DATASET SECTION:
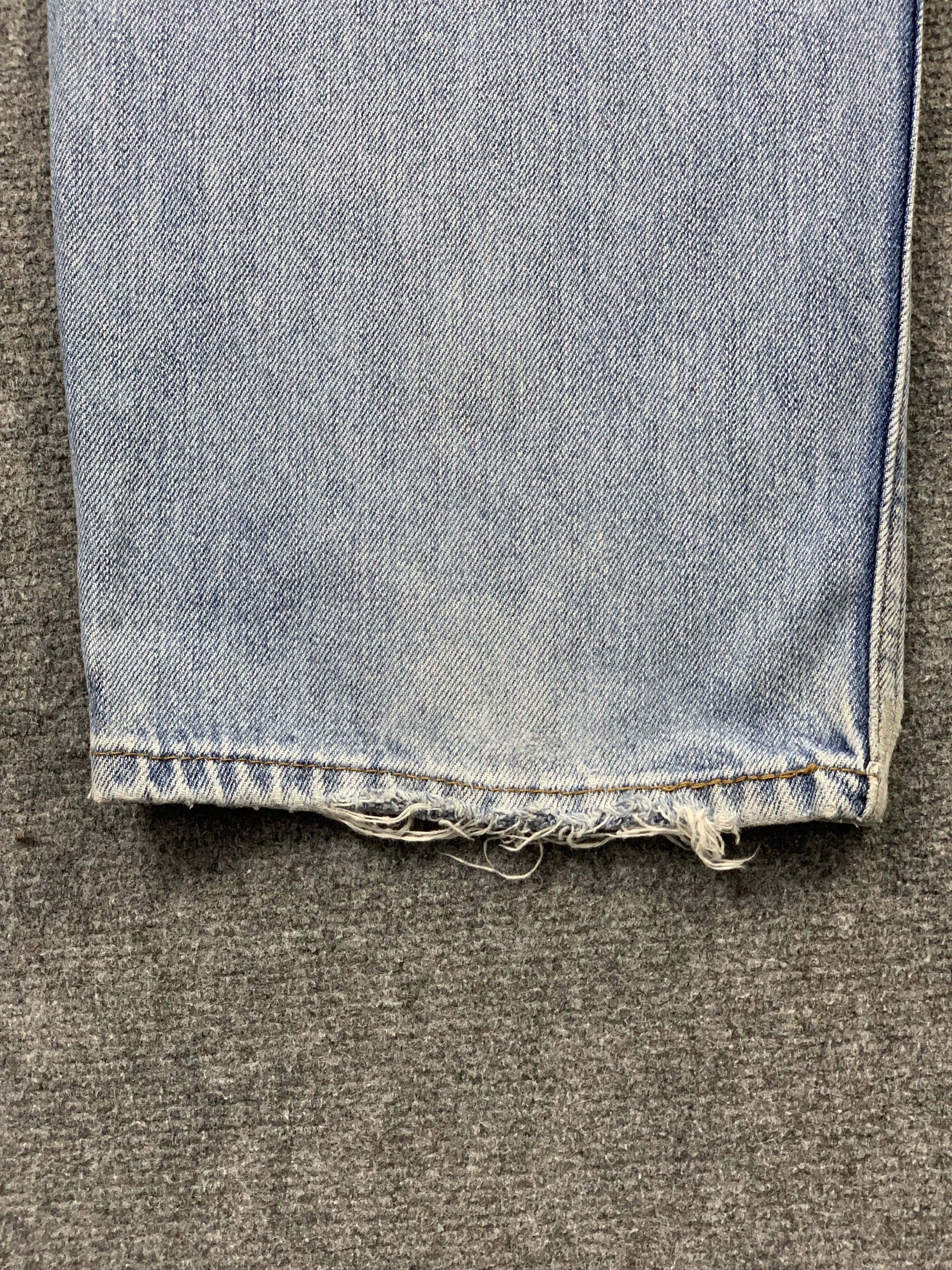 Levi's Vintage Levis 550 Light Wash Jeans DP2160 Size US 35 - 18 Thumbnail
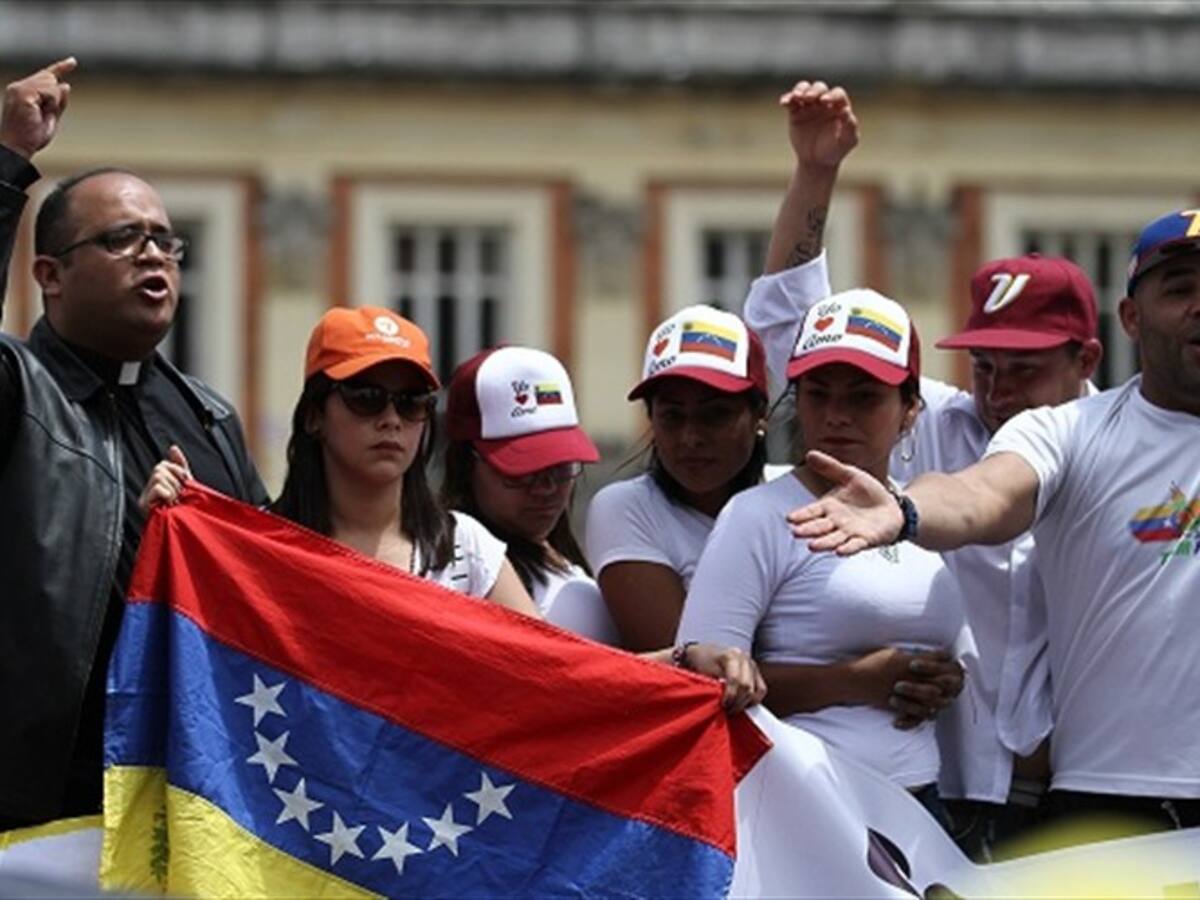 Desde el Parlamentos Europeo les decimos a los venezonalos que no están solos: Becerra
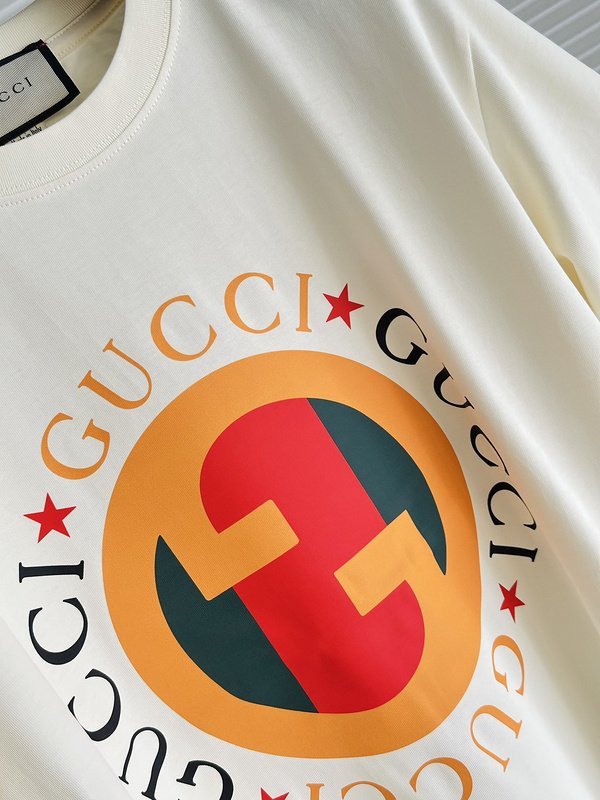 Футболка Gucci With Bright Round Logo "White" фото № 3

WORK ITEM:
The exact lines from the one containing "Desde el Parlamentos" through the end of the data are to be copied, with both ends kept and pictures left out.

EXPECTED ANSWER:
 Desde el Parlamentos Europeo les decimos a los venezonalos que no están solos: Becerra
 Футболка Gucci With Bright Round Logo "White" фото № 3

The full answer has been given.